→ Task to carry out
Write out nothing but the lines from the one containing "1950's Pink Raffia" through the last line below, both included, and without the pictures.

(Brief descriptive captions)

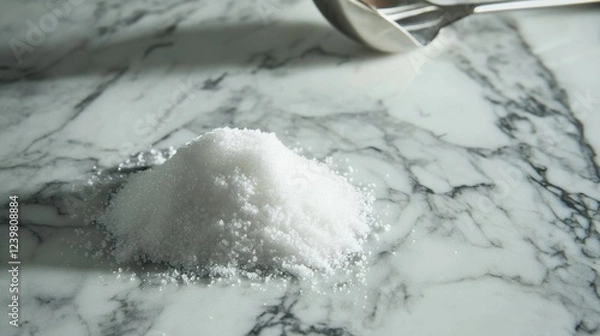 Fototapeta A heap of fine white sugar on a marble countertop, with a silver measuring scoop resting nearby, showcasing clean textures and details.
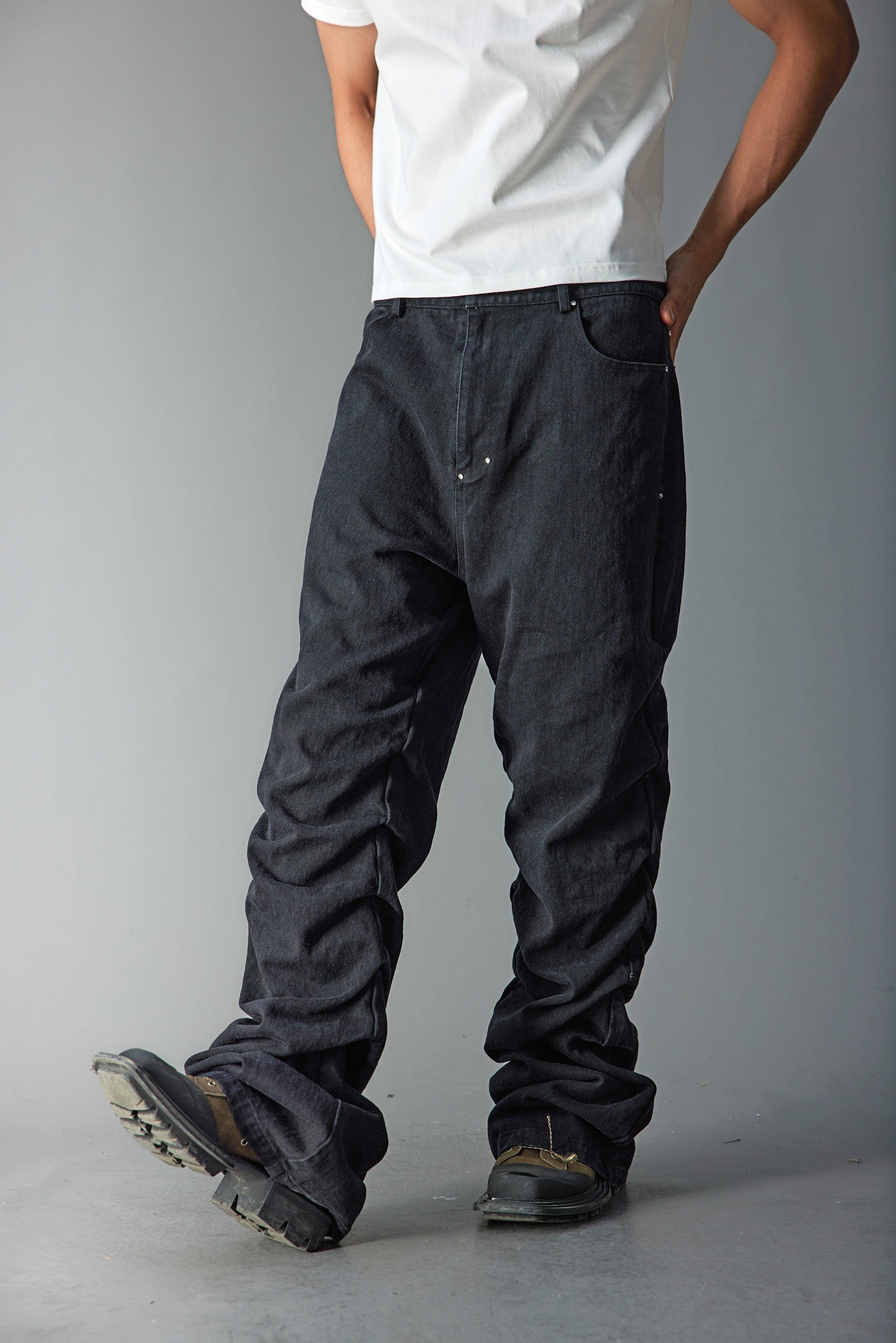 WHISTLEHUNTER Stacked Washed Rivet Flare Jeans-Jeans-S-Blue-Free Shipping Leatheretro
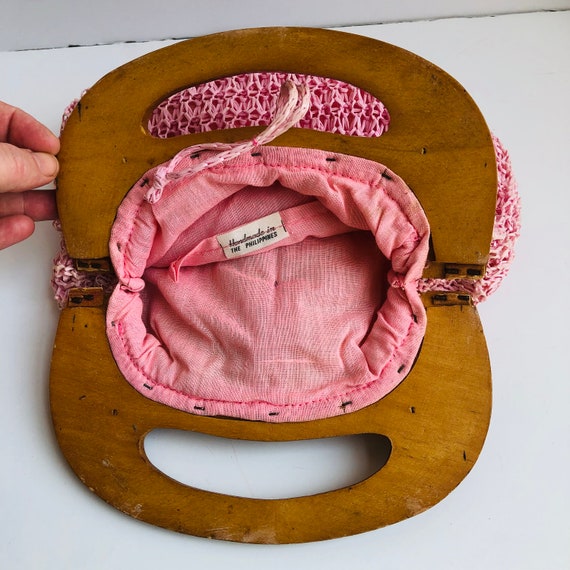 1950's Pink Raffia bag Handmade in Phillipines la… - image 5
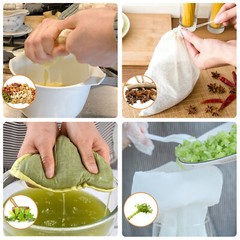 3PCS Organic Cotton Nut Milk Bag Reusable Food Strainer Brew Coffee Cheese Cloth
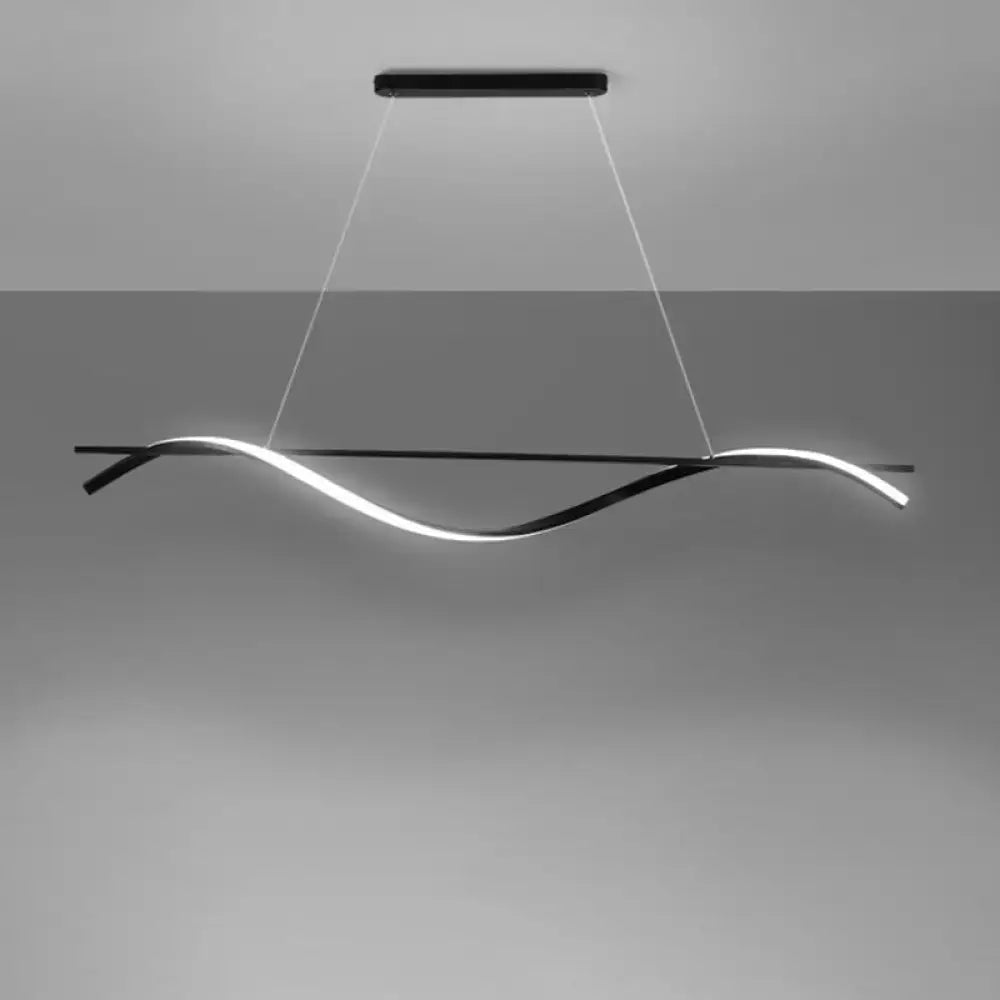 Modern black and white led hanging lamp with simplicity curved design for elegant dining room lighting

→ Exercise output
 1950's Pink Raffia bag Handmade in Phillipines la… - image 5
 3PCS Organic Cotton Nut Milk Bag Reusable Food Strainer Brew Coffee Cheese Cloth
 Modern black and white led hanging lamp with simplicity curved design for elegant dining room lighting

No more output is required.